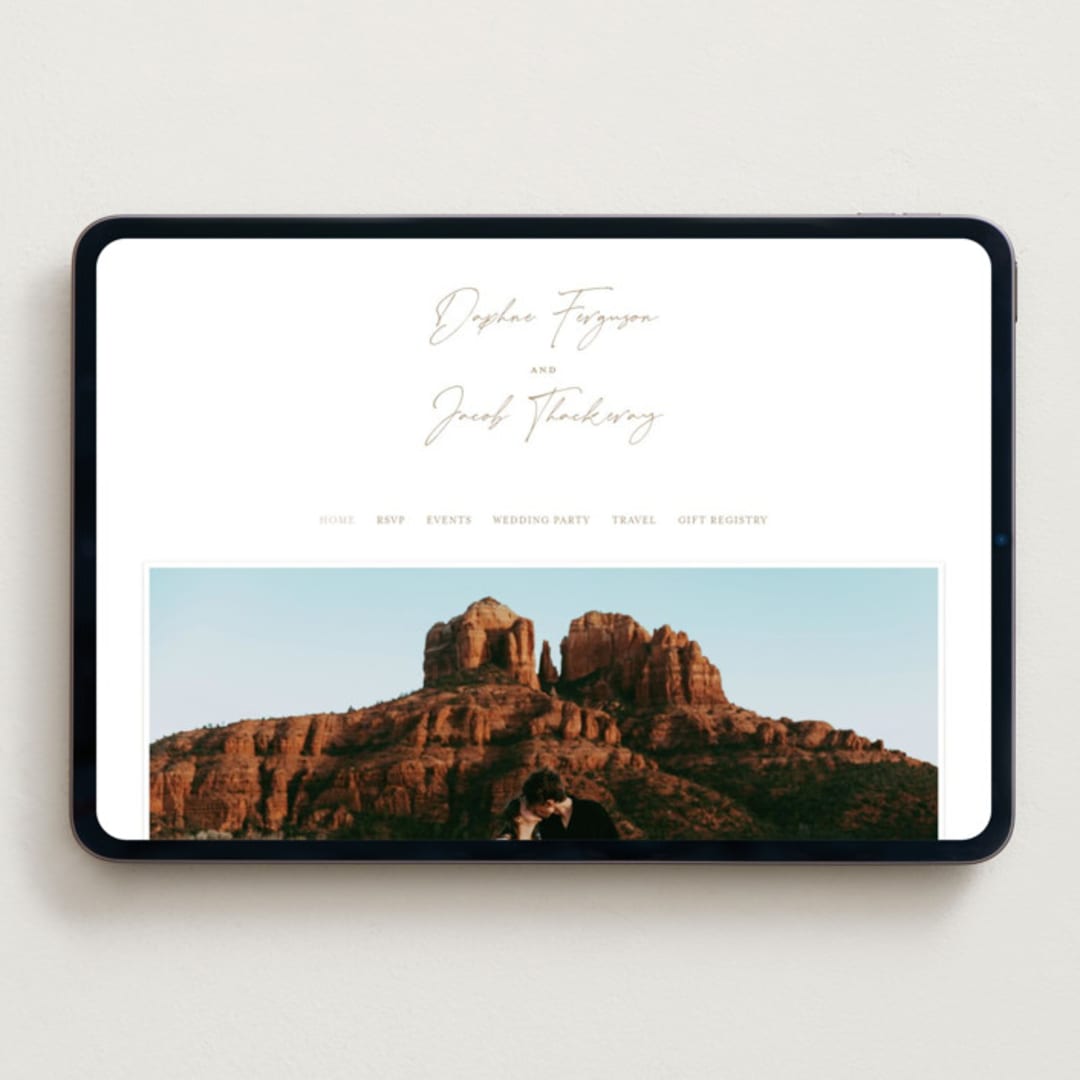 "Mille-feuille" - Wedding Website in Matte Gold by chocomocacino - Desktop Design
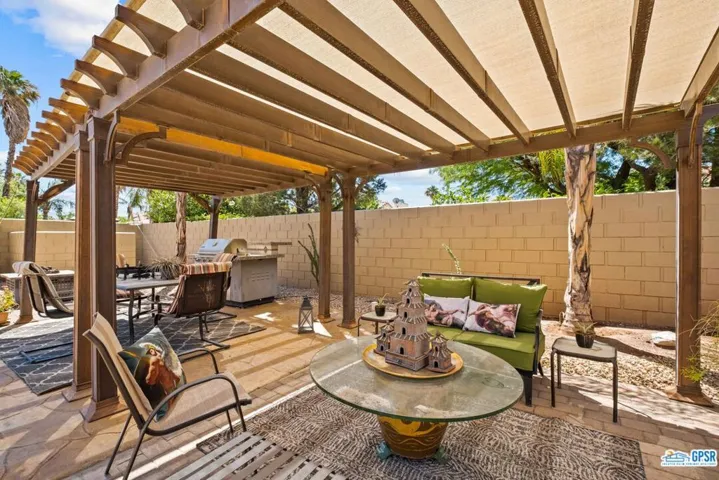 68345 Risueno Road, Cathedral City, California 92234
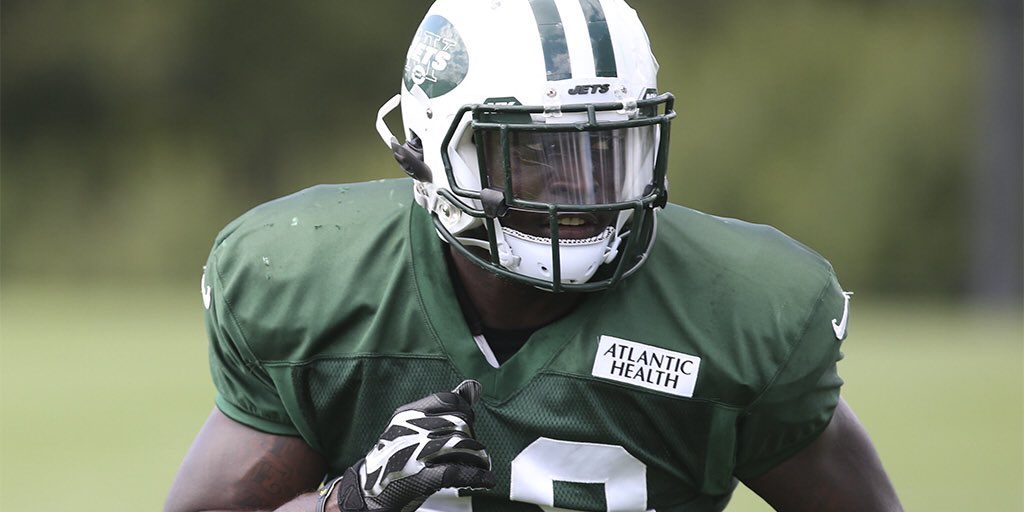 nyjets's tweet photo. We have signed LB Taiwan Jones to the active roster &amp; placed WR Devin Smith on IR.

DETAILS- https://t.co/yIz1CeJUT0 https://t.co/f3fqXevqz7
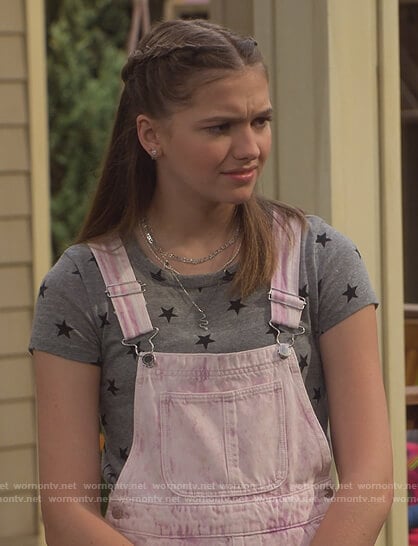 Presley's gray star print tee and denim overalls on Side Hustle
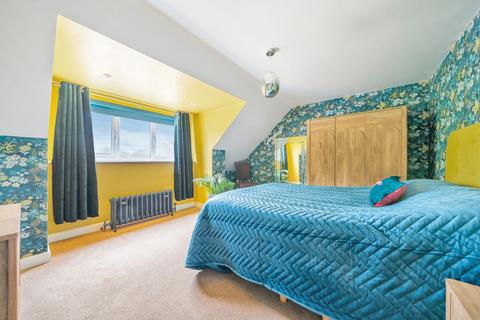 Spoondell Bungalow Whipsnade Road, Kensworth, Dunstable, LU6 2NB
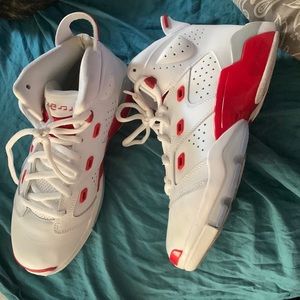 I’m selling Jordan’s red and white size 7 brand new for boys and girls.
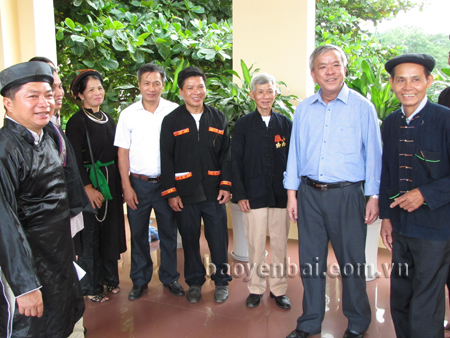 Ông Triệu Quý Tư (ngoài cùng bên trái) cùng đoàn đại biểu đi tham quan, trao đổi với lãnh đạo Ban Dân tộc tỉnh Yên Bái.
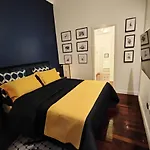 Designed Pop Apartment 2 Bedrooms, 2 Baths In Milan Center - Wifi, Ac, Steps From Subway M1 And M2, Central Station And Airport Connected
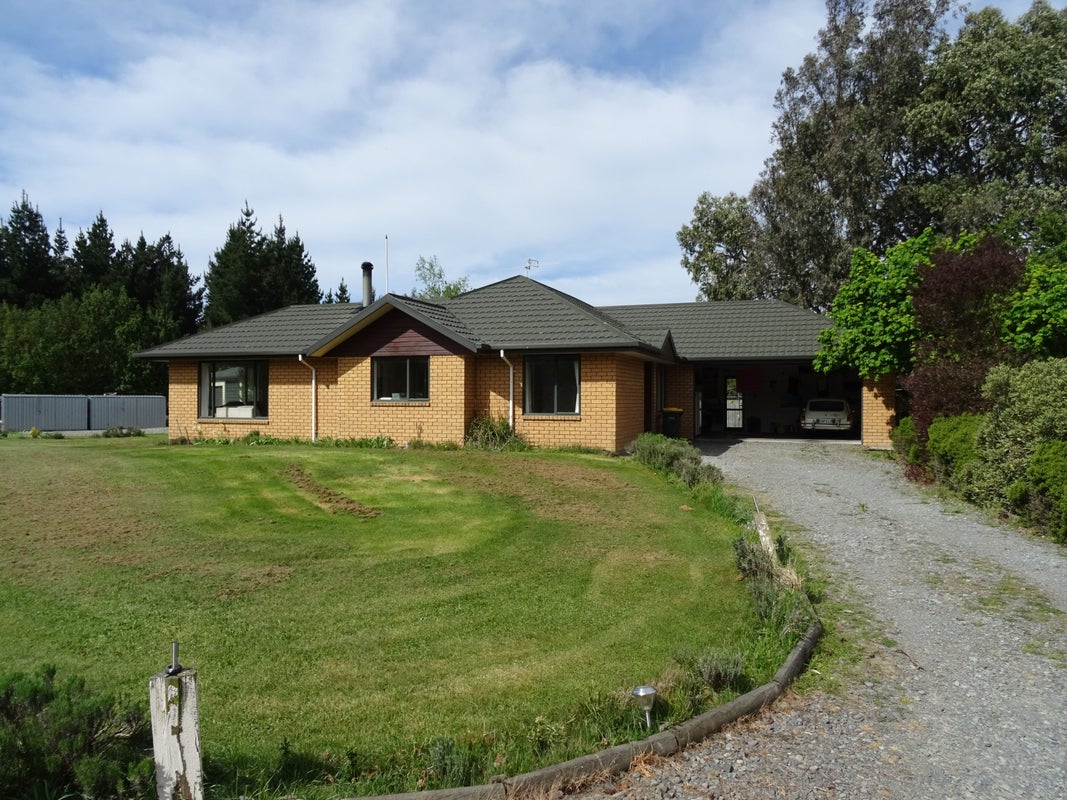 394 Hoskyns Road, Christchurch - Carousel 1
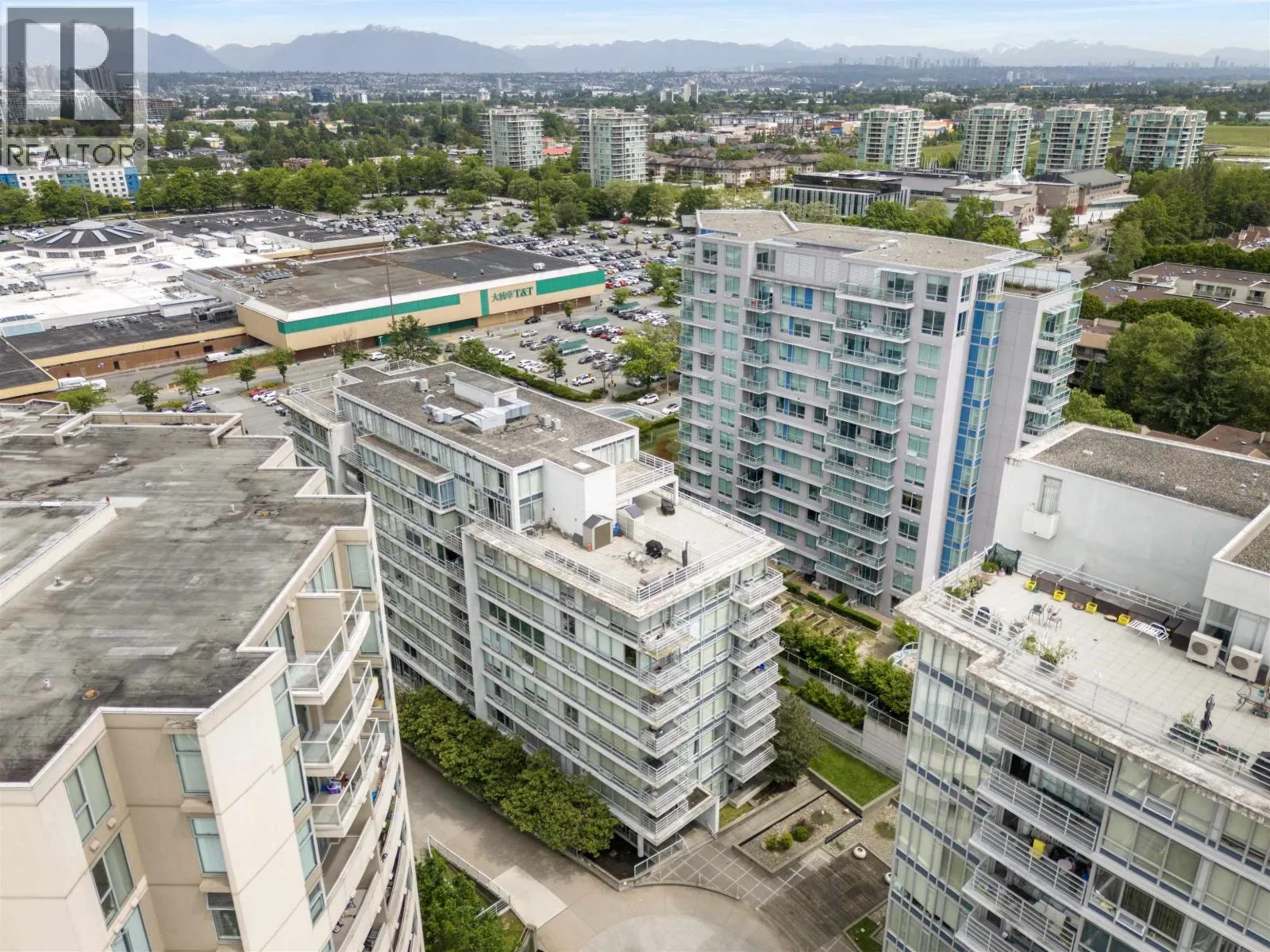511 8280 LANSDOWNE ROAD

■ ■ ■ ■ ■ ■ ■

Omit the pictures, then extract verbatim only those lines that fall between the line containing "Designed Pop Apartment" and the final line of the records above, both included.

EXERCISE OUTPUT
 Designed Pop Apartment 2 Bedrooms, 2 Baths In Milan Center - Wifi, Ac, Steps From Subway M1 And M2, Central Station And Airport Connected
 394 Hoskyns Road, Christchurch - Carousel 1
511 8280 LANSDOWNE ROAD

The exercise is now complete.